Der Film als photographisch-erzählerisches Porträt begleitet Witschi - durch ein Kunststipendium, das ihm einen Aufenthalt in New York ermöglicht, zum Maler „ohne Wenn und Aber“ geworden — auf seiner Schiffsreise in die Staaten. Wir sehen ihn ankommen, sich einrichten und die Malerutensilien für den Gebrauch bereitlegen („Malerei hat mit Ordnung zu tun“). Auf der weißen Leinwand („Am Anfang ist das Chaos ...“) läßt er vor unseren Augen Liniengeflechte entstehen, Farbflächen, die das vorherige verdecken, holt wiederum mit wenigen Strichen Gesicht und Körper aus dem Bild heraus, um sie eine Sequenz weiter wieder zu verwischen, läßt sie neu entstehen, um sie schließlich doch wieder zu übermalen. Die Geschichte dieses Gemäldes zieht sich als roter Faden durch den ganzen Film; seine endgültige Form wollte Witschi vor der Kamera jedoch nicht offenbaren.

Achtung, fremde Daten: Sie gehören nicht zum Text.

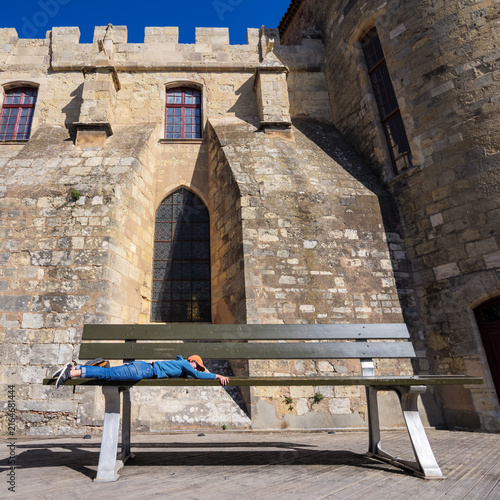 Young Tourist Climbing Onto Giant Bench By Medieval Wall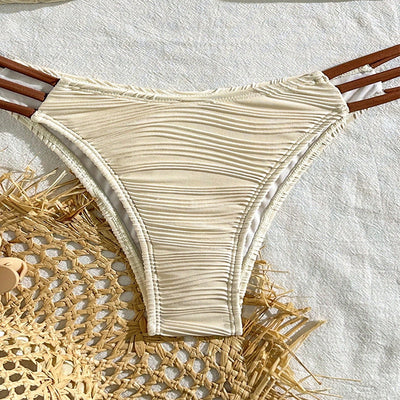 Neon green textured two-piece swimsuit with a bandeau top and high-cut bottom, featuring black straps and a gold clasp. - Image 15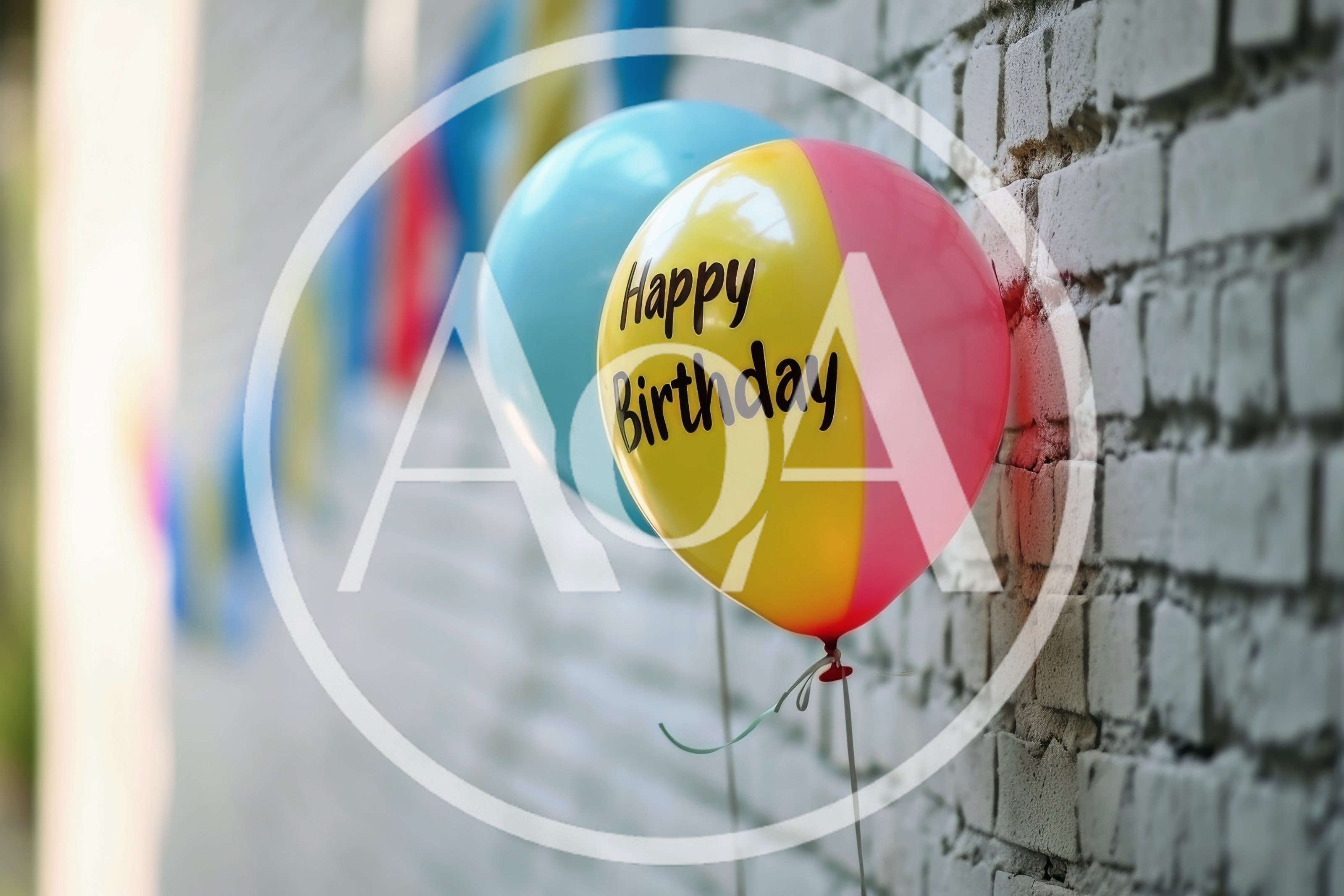 Happy Birthday Balloon Against A White Brick Wall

Witschi ist gehbehindert. Das Ungelenke seines Körpers kontrastiert mit der Leichtigkeit und Virtuosität seiner Pinselführung. Die Dokumentation seiner persönlichen Vergangenheit und sein physischer Kampf um das Gehen („eigentlich ist meine Familiengeschichte eine Spitalgeschichte“) verdichtet sich in seinem trockenen Witz und seinen philosophischen Betrachtungen zur existentialen Reflexion: Sein Körper ist zum Ausgangspunkt für seine Kreativität geworden. Der Schmerz, der durch den Widerstand der Materie gegen den größten Wunsch der Menschheit, das Aufrechtgehen und die Nichtdeformation, entstehe, wolle er bildlich darstellen, sagt Witschi. Unweigerlich zwingt er uns, über unsere eigene ‚Behinderung’, unser Gefangensein in Materie, Normen und Verhaltensmustern nachzudenken. Seine unstete Suche nach dem Menschenbild reflektiert sich im Schaffensprozeß, den die Kamera in eindrücklicher Weise festhält: Ein Gemälde beinhaltet eigentlich hundert Skizzen und Gemälde — immer wieder ändern Farben, Körperkonturen und -positionen. „Den Leuten gefällt, daß sie sich bei meinen Bildern nicht entscheiden müssen, etwas Präzises, Vorgegebenes zu sehen. Sie müssen sich nicht entscheiden, der Mensch zu sein, der man glaubt, daß sie sein müssen.“ Es scheint jedoch, als entspräche dies in erster Linie Witschis eigenem Bedürfnis und seiner Flucht vor Festlegungen, Erwartungen, Konventionen.

In Opposition zur bald überbordenden, bald verhaltenen Körperlichkeit seiner Figuren steht die urbane Silhouette New Yorks, das nur als Kulisse in Erscheinung tritt, in seiner Größe und Undurchdringlichkeit aber die Fragilität des einzelnen, besonders des behinderten Witschi, betont.

Der Film ist eine sensible Annäherung an den Künstler Witschi und sein Schaffen. Paolo Poloni ist es dabei gelungen, die Dichte und Aussagekraft der Gemälde in filmische Vielschichtigkeit und Polivalenz zu übertragen, die Zuschauenden als Film- und Bildbetrachterlnnen in den Schaffensprozeß und davon ausgehend in die weltanschaulichen Reflexionen miteinbeziehen.

Doris Senn
Freie Filmjournalistin SVFJ, lebt in Zürich.